L’ictus ischemico, circa l’85% dei casi, è causato dall’ostruzione o chiusura di un’arteria cerebrale da parte di un trombo o di un embolo (coagulo che impedisce il normale flusso di sangue ad una determinata area cerebrale). La riduzione o assenza della perfusione, cioè del flusso sanguigno che irrora il cervello, determina ischemia (ridotto apporto di ossigeno ai tessuti) e, di conseguenza, progressiva perdita della funzione neurologica. L’esordio è improvviso e può manifestarsi con difficoltà nel linguaggio, deviazione della bocca da un lato del viso, perdita di forza o sensibilità agli arti e disturbi dell’equilibrio.

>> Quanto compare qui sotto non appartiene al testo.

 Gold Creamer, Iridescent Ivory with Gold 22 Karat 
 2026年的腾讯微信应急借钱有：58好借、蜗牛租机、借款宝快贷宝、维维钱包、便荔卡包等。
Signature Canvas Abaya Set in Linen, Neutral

L’ictus emorragico è invece causato dalla rottura di un vaso sanguigno, generalmente un’arteria, all’interno dell’encefalo. Il sangue che fuoriesce si accumula nel tessuto cerebrale formando un ematoma, che provoca un danno diretto alle cellule nervose. Poiché il cranio è una scatola ossea rigida che non può espandersi, il sangue accumulato occupa spazio all’interno della cavità cranica e comprime il tessuto nervoso circostante. La compressione che ne deriva può ridurre l’afflusso di sangue e quindi di ossigeno alle aree cerebrali vicine, contribuendo ad aggravare il danno neurologico.
In questo contesto, l’assistenza infermieristica assume caratteristiche differenti nelle diverse fasi del percorso assistenziale.

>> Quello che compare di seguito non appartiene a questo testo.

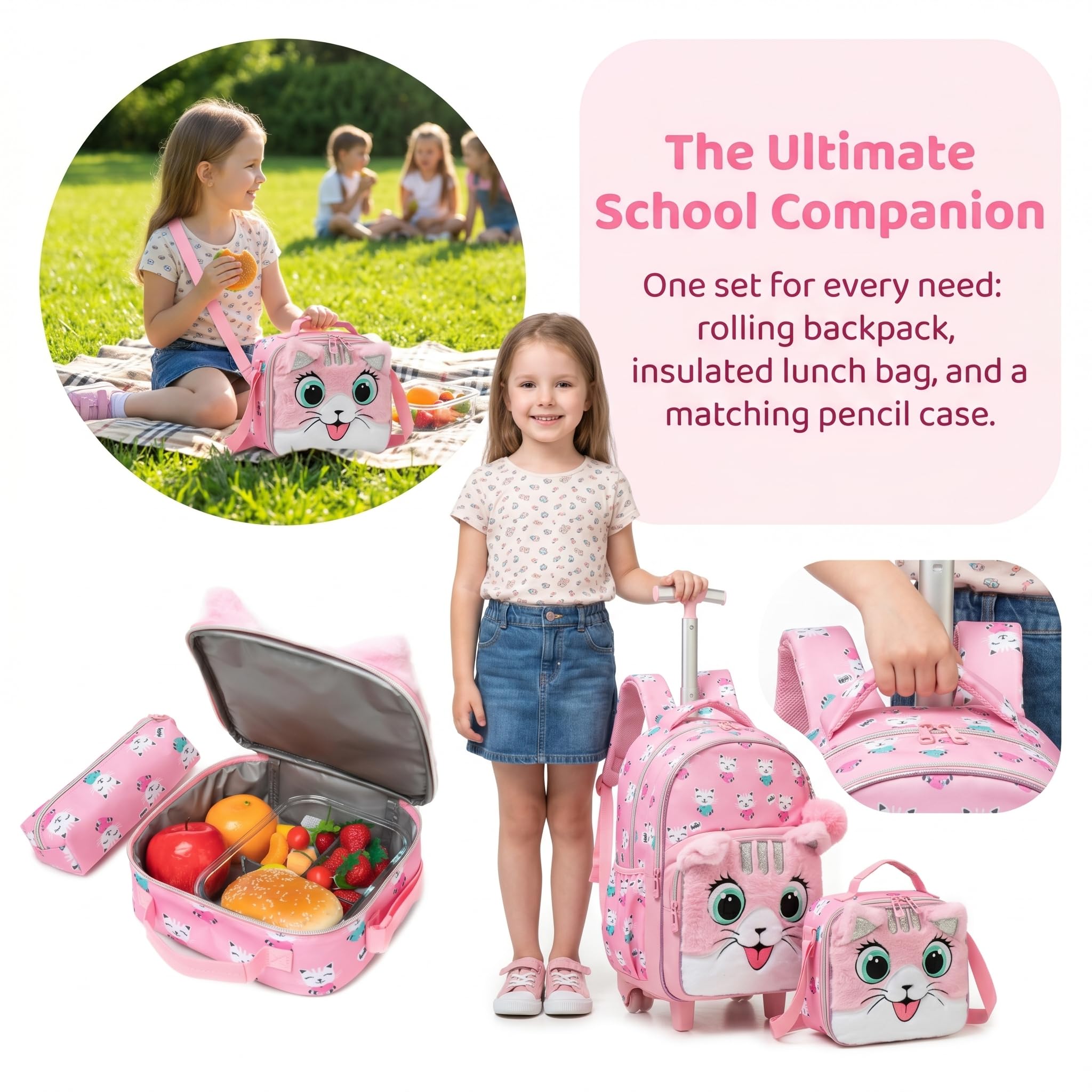 Sac a Dos Roulette Fille Enfant Cartable Cabine Primaire Valise École Maternelle Sacs à D'école pour Voyage de Bagages Ensemble Grand Étudian Simple Poches Tissu Peluche Rose Chat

Nella fase acuta, il focus infermieristico riguarda la sorveglianza continua del paziente attraverso la valutazione dei parametri vitali, dello stato di coscienza, della simmetria corporea, della forza degli arti e della comparsa o peggioramento di sintomi come difficoltà nel linguaggio, perdita di sensibilità o riduzione della capacità di movimento, eventualmente mettendo in atto interventi aggiuntivi per prevenire possibili complicanze legate all’immobilità. Particolare attenzione viene posta anche al controllo della disfagia (difficoltà nella deglutizione) prima di qualsiasi somministrazione orale, al fine di prevenire complicanze come l’aspirazione e la conseguente polmonite ab ingestis (causata dall’ingresso di cibo o liquidi nelle vie respiratorie).
Nella fase riabilitativa e territoriale, invece, l’infermiere si concentra sul recupero progressivo dell’autonomia nelle attività quotidiane, come alimentazione, mobilizzazione e igiene personale, adattando l’assistenza alle capacità che la persona ha conservato dopo essere stata colpita da ictus.
La fase successiva dell’operato infermieristico, che si conferma l’elemento essenziale di collegamento tra ospedale e territorio, è rappresentata dal supporto ai caregiver e ai familiari, i quali devono essere accompagnati nella gestione domiciliare dell’assistito, attraverso il riconoscimento precoce di probabili segni di peggioramento o di recidiva. La competenza dell’infermiere si estende poi all’educazione di familiari e assistenti, soprattutto se a loro volta predisposti, finalizzata all’individuazione dei principali fattori di rischio modificabili per l’ictus (ipertensione arteriosa, diabete mellito, fibrillazione atriale, dislipidemie, fumo di sigaretta, sedentarietà, obesità). La finalità dell’assistenza infatti, non è soltanto il recupero funzionale, ma anche il reinserimento del paziente nel proprio ambiente quotidiano, garantendo il maggior livello possibile di sicurezza e qualità di vita.